Jake Kasdan had a promising career back in 1997 when he wrote and directed Zero Effect, still one of the most overlooked movies of the past 15 years.  The son of Lawrence Kasdan, the man who made movies like The Big Chill and Body Heat and wrote The Empire Strikes Back and Raiders of the Lost Ark,  has made 3 other movies with varying degrees of success: Orange County, The TV Set, and Walk Hard: The Dewey Cox Story, none of which has built on that earlier promise, although Walk Hard is one of those movies that continue to find fans and has become a cult classic.

Here, the filmmakers basically rewarm Richard Linklater’s 2003 hit School of Rock and add some of the “bad” from that same year’s Bad Santa and puts in Cameron Diaz for the Jack Black/Billy Bob Thornton combo.  Diaz plays Elizabeth Halsey, a teacher at a middle school who was just about to leave the teaching life after just one year, getting married to an uber-rich suitor (Nat Faxon) before he dumps her, leaving her poor and going back to teaching.

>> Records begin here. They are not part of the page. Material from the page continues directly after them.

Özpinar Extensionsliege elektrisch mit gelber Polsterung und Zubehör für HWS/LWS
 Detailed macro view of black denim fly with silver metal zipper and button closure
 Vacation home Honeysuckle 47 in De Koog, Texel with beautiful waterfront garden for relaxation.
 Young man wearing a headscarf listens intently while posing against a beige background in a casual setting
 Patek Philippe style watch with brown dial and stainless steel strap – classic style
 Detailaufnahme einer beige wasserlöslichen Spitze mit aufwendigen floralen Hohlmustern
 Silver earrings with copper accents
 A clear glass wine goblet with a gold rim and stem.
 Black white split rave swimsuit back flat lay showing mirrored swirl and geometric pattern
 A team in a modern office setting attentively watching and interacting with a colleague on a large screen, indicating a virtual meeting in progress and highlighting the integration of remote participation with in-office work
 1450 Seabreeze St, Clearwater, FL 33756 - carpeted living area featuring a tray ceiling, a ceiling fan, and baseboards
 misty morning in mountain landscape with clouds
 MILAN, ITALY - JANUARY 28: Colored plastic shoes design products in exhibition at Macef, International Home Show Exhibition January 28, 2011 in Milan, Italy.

Halsey’s idea of teaching is to show movies to her English class, starting with Stand and Deliver, working her way to Lean On Me and Dangerous Minds, and one surprise film that might elicit the movie’s best laugh.  You see, she drinks and smokes (cigarettes and weed), and she comes in hungover most of the time.  She can’t be bothered to do a decent job, and she pulls the wool over everyone’s eyes, at least the one who counts, Principal Wally Snur (John Michael Higgins).

Elizabeth gets the idea that she needs bigger boobs.  The new hot (rich) teacher in school, Scott Delacorte (Justin Timberlake) is getting over a relationship with a girl with large breasts, so Elizabeth makes it her mission to find sneaky ways to raise money to get implants and get another rich man.  It starts with the car wash, where Elizabeth takes most of the money rather than giving it to the school. Her cross-hall teacher/rival, Amy Squirrel (Lucy Punch), is onto her though, and hopes to crush Elizabeth in everything. If she weren’t so creepy she’d have credibility.  Squirrel wants Scott, too.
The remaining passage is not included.